Berkshire can continue to increase rates and invest the capital in money markets or in bonds at a higher rate than they will likely have to pay in insurance claims. And if they can’t, Berkshire has always been willing stop writing insurance in unprofitable market, a key difference from its competitors. Berkshire’s ownership of companies that have strong pricing power will help to keep rates down. Investing in BRK.B stock will not hurt your pocketbook.

3. Reasonable valuation

Berkshire trades for approximately 26x earnings at the current price. Berkshire trades for approximately half of this amount. It likely trades between 10x-20x earnings depending on how you calculate its cash balances and investment portfolio. You can do a lot of detailed analysis on this topic as well as Berkshire’s book value and intrinsic values. But the main point is that Berkshire’s P/E ratio is lower than other companies because of the unique nature its business. Berkshire has A-class shares and B-class shares. This is because there is very little difference in practical value. It is easy to confirmYou can run a backtest. The main reason Buffett introduced B shares in 1990 was Wall Street is to be stoppedFrom making funds that only followed Berkshire and then selling them at a premium to investors who couldn’t afford the high share prices.

Moderate Risks

1. Key man risk

Without addressing the inevitable, no discussion about Berkshire investment is complete. Warren Buffett is currently 91 years old, while Charlie Munger was 98 at the time that this article was written. They won’t be around forever. Like the Queen they have outlived many of their critics but their succession will still be of great interest. Berkshire is similar to a monarchy in that they have managed to institutionalize a culture around work ethic and responsible risk-taking. They also invest for the long-term. Berkshire has always been a highly decentralized company. Decisions are delegated more to managers than is the case with other large corporations. It would be nearly impossible to run. This risk is something I cannot ignore, but it’s manageable. Buffett’s long-term experience has made it easier to plan for the company.

2. Macro risk

Berkshire is a highly-run company. However it isn’t immune from macro risk. Berkshire should outperform the market. However, the macro backdrop isn’t great right now. If we enter a recession or bear market, it’s unlikely that BRK.B stock would be up when the market is down. Berkshire’s strong financial position has proven over the years that it can buy back stock and make acquisitions, creating long-term value.

Honorable Mentions: Best Investments for Inflation

1. I-Bonds. While you get only $10,000 per taxpayer per annum, it’s still a great way to hedge against inflation risk. The current annualized rate is about 8%. You can buy through the U.S. Treasury. They must be held for a minimum of one year. Although our article series is focused on individual stocks, these bonds are worth knowing.

2. Vanguard Commodity Fund VCMDX Vanguard’s quantitative equity group has a really thoughtful commodity fund that combines commodity futures, awareness of contango/backwardation, and TIPs into one product with a 20 basis point annual fee.

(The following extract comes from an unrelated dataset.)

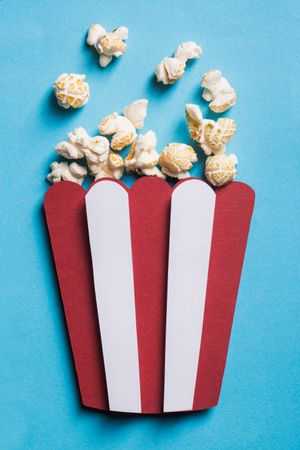 Silhouette of a popcorn box made of cardboard with real popcorn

This is the best inflation hedge, aside from I bonds. However, they only have a $50,000 minimum. This means that you’d need to have about 10-20x as much assets to make this a useful hedge.

Bottom Line

There are stocks that perform better in certain inflationary environments than BRK.B. For example, if you knew in advance that oil would rise in price you could purchase something that is exposed to that. Berkshire Hathaway is the best stock for inflationary environments. The stock also has the bonus of not requiring you to accurately forecast the macro environment in order to profit.